Услышав наши шаги, дети, игравшие в лесных зарослях, поспешно вскочили на ноги и побежали к дому, как будто вид человека напугал их. Их отступление прикрывали две огромные полудикие собаки с вытянутыми мордами и торчащими ушами, которые при нашем приближении с грозным рычанием выскочили из хижины. Затем на пороге своего жилища показался сам пионер, он быстро и изучающе осмотрел нас, подал знак собакам вернуться в дом и удалился сам, показав им пример и всем своим видом дав понять, что наше появление не вызвало у него ни любопытства, ни беспокойства.
Мы входим в это бревенчатое жилище. Внутри ничто не напоминает крестьянских лачуг Европы; здесь много лишнего и недостает самого необходимого. Единственное окно прикрыто муслиновой занавеской; в глинобитном очаге полыхает огонь, освещающий все внутри; над очагом висит прекрасный нарезной карабин, шкура лани, перья орла; справа от очага развешена карта Соединенных Штатов, которую приподнимает и колышет ветер, дующий сквозь щели в стене; рядом с картой на полке, сооруженной из плохо отесанной доски, несколько книг. Я заметил Библию, шесть первых песен поэмы Милтона и две драмы Шекспира. Вдоль стен вместо шкафов стоят сундуки. В центре комнаты грубо сработанный стол, ножки которого, сбитые еще из свежего, не очищенного от коры дерева, растут, кажется, прямо из пола. На столе я вижу чайник из английского фарфора, серебряные ложки, несколько выщербленных чашек и газеты.

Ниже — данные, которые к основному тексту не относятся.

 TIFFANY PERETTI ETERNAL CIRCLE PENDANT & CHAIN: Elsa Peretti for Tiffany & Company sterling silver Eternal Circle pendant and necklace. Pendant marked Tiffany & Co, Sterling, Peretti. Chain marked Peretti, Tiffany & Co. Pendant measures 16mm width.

У хозяина дома угловатые черты лица и удлиненные конечности, что выдает в нем жителя Новой Англии. Очевидно, что человек этот родился не в этой глуши, где мы его встретили; уже внешний облик позволяет сделать вывод, что его юные годы прошли в интеллигентной среде и что он принадлежит к той породе беспокойных, деловых и отважных людей, которые хладнокровно делают то, что можно объяснить лишь горением страсти, и которые могут на время отдаться первобытной жизни, чтобы быстрее покорить и цивилизовать пустынные земли.
Увидев, что мы переступили порог его дома, хозяин направился нам навстречу и, как это принято, поздоровался с нами за руку, но при этом лицо его осталось напряженным. Он первым начал расспрашивать нас о том, что происходит в мире, и, удовлетворив свое любопытство, замолк. Казалось, он устал от нашего шума и навязчивости. Пришла наша очередь расспросить его, и он дал все необходимые нам сведения. Затем не спеша и достаточно основательно он начал устраивать нас на ночлег. Видя, что он занят столь приятным для нас делом, мы тем не менее почему-то не испытывали к нему чувства благодарности. Видимо, потому, что, оказывая нам гостеприимство, он как бы подчинился своей участи: он исполнял долг, не ощущая при этом радости.
По другую сторону очага сидит женщина, укачивающая малыша. Не прекращая своего занятия, она делает нам знак головой. Как и хозяин, женщина находится в самом расцвете сил, ее внешний облик не соответствует бедности жизни, а одежда свидетельствует о незатухшем еще желании выглядеть привлекательной. Однако черты лица ее выдают [с. 507] усталость, в глазах застыли нежность и степенность, во всей ее фигуре чувствуется религиозная покорность, умиротворенность чувств и какая-то естественная и спокойная решительность, позволяющая преодолеть все жизненные невзгоды без страха и упрека.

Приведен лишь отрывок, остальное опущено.